Le hasard du calendrier fait que vous sortez simultanément deux films belges (Soeur Sourire et Où est la main...). On parle de plus en plus de ce cinéma là en France. Peut-on parler d'un nouvel essor chez vous ?
GM : En France, vous voulez toujours mettre une étiquette, en disant "il y a un nouvel essor, un nouvelle vague, un renouveau belge..." Alors qu'en fait, il y a toujours eu des cinéastes qui travaillent dans le même pays, bon c'est tout petit la Belgique, c'est un département, c'est comme si on disait "la Creuse qui fait du cinéma" et en fin de compte ces gens ils ont tous leur univers particulier, leur identité propre. Ils se connaissent mais ils ne se marchent pas dessus. Chacun fait son chemin.

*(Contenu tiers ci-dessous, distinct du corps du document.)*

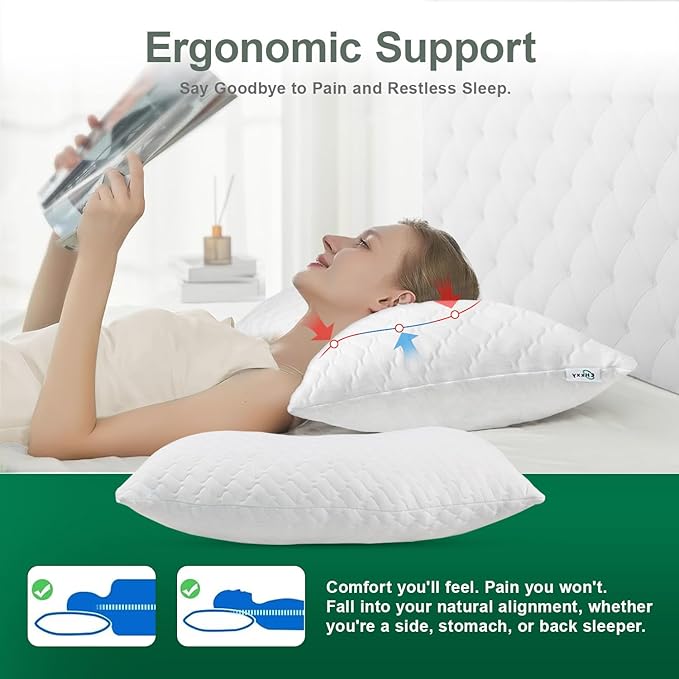 Shredded Memory Foam Pillows – Adjustable Loft, Orthopedic Support for Side/Back Sleepers, Pressure Relief for Cervical Spine, Machine Washable (Queen Size)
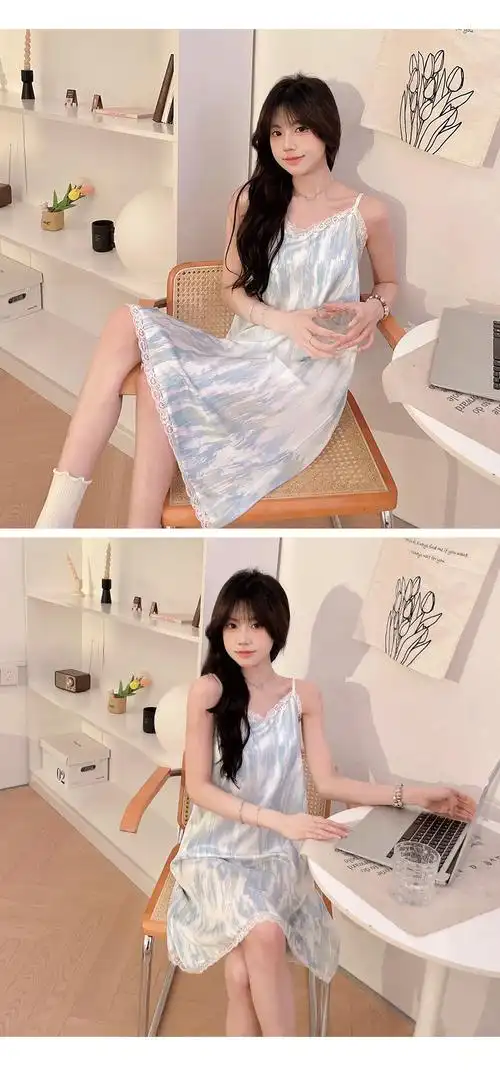 【黛琳芬】甜美冰丝带胸垫吊带睡裙女可爱新款夏天丝绸睡裙家居服28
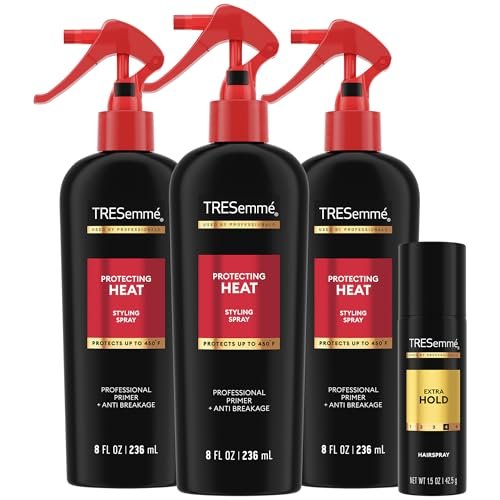 TRESemmé Protecting Heat Spray with Keratin & Extra Hold Hairspray, 3-Pack, 8 Fl Oz Each - Thermal Protection & Frizz Control Avelisse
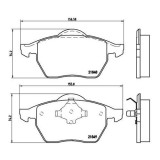Placute frana Ford Galaxy 1 (Wgr); Seat Alhambra (7v8, Alhambra Van (7v8; Vw Sharan (7m8, punte fata, fara senzor avertizare uzura; BREMBO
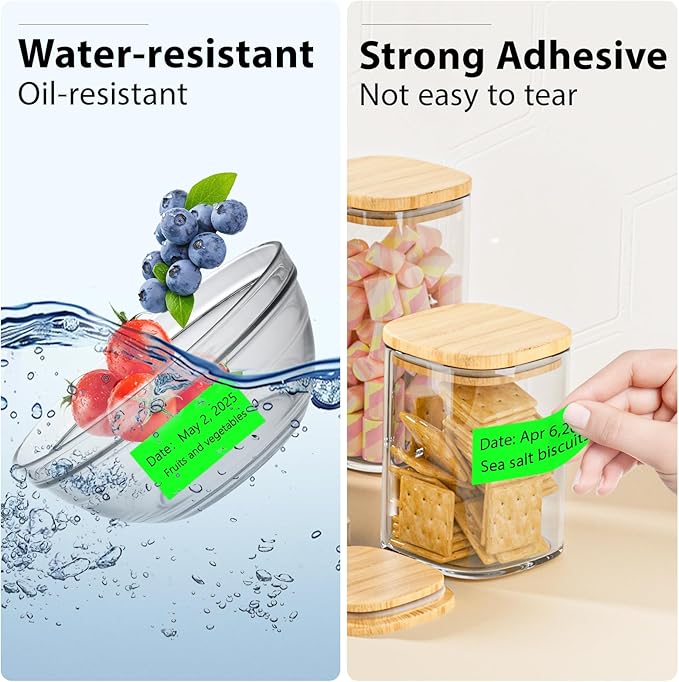 1x2 Inch Thermal Labels,500PCS Rectangle Stickers,Waterproof Removable Blank Stickers for Address,Jars,Freezer Containers & Pantry Organization,Fluorescent Green
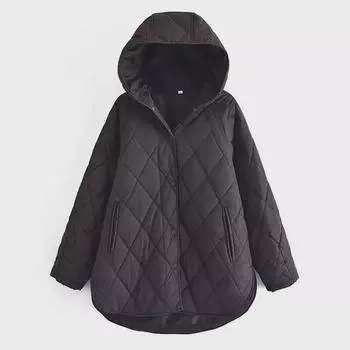 Свободное хлопковое пальто с капюшоном для женщин 2021 года — европейский и американский стиль от ZAURA Extra Small серебряный серый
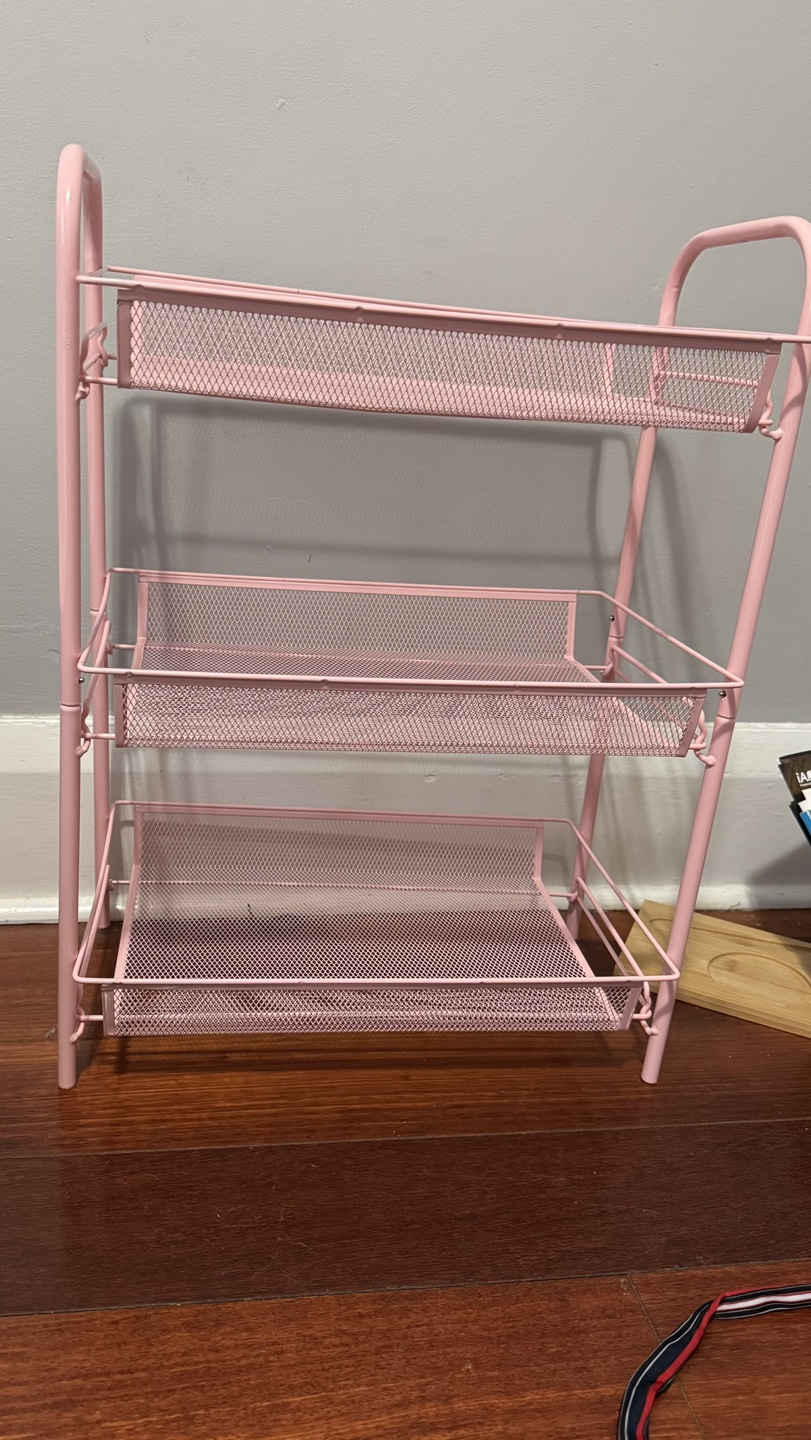 Pink 3-Tier Rolling Utility Cart - photo 3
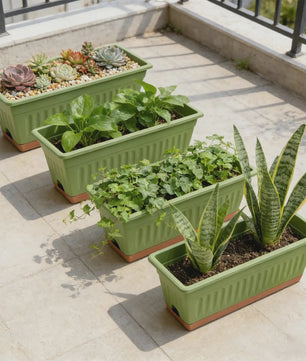 Set van 4 Rechthoekige Bloempotten - Decoratief & Veelzijdig voor Binnen en Buiten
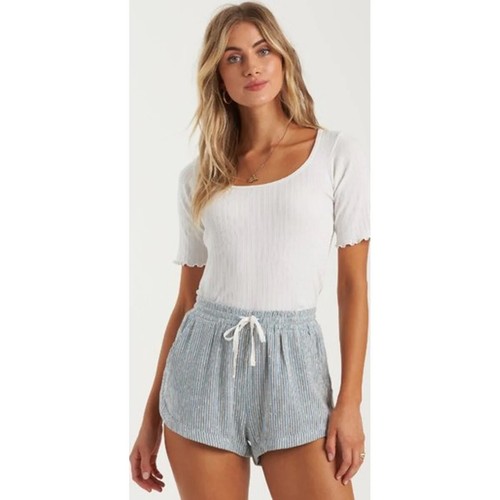Billabong Women's Road Trippin Striped Scalloped Hem Elastic Waist Mini Shorts - Picture 8 of 13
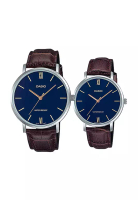 Casio Couple's Analog Watch MTP/LTP-VT01L-2B Brown Leather Band Pair Watch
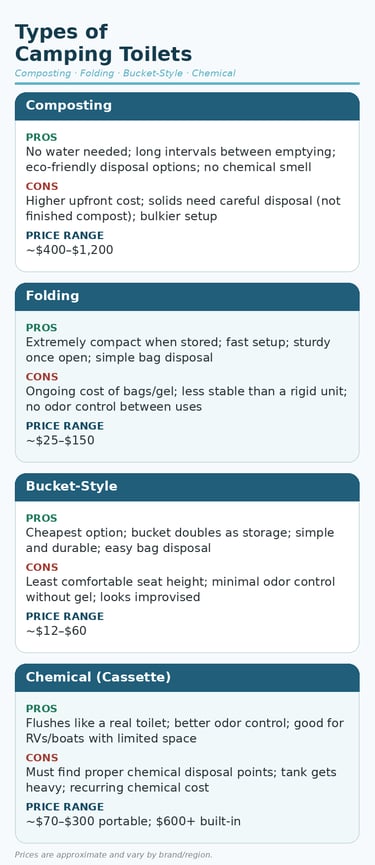 A comparison table detailing the pros and cons of different types of camping toilets.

CDF : On a souvent besoin de la France pour arriver à monter les films, donc tous les films qui peuvent se réaliser, sont fait avec sincérité, c'est en accord avec leur désir, donc il y a quelque chose de fort et de sincère. Ce n'est pas gratuit quoi. Donc le point commun c'est le désir sincère et l'originalité, oui.

Et vous sentez sur les plateaux cette différence entre les tournages français et belges ?
CDF : Oui, car il n'y a pas de star-system, nous les acteurs un peu connu on n'est pas très protégé, c'est pas ça le plus important et c'est bien, car ça laisse place à la créativité. 
GM : Il y a cette blague de Poelvoorde qui raconte la différence entre un tournage français et belge. Sur un tournage français, s'il y a une voiture qui gène le cadre, le premier assistant va le dire au deuxième assistant, qui le dira au troisième, qui lui même dira à la régie de bouger la voiture. Alors qu'en Belgique, s'il y a une voiture qui gène... Et bien on la déplace !

Où est la main de l'homme sans tête, un film de Guillaume et Stéphane Malandrin, sortie en salle le 20 mai 2009.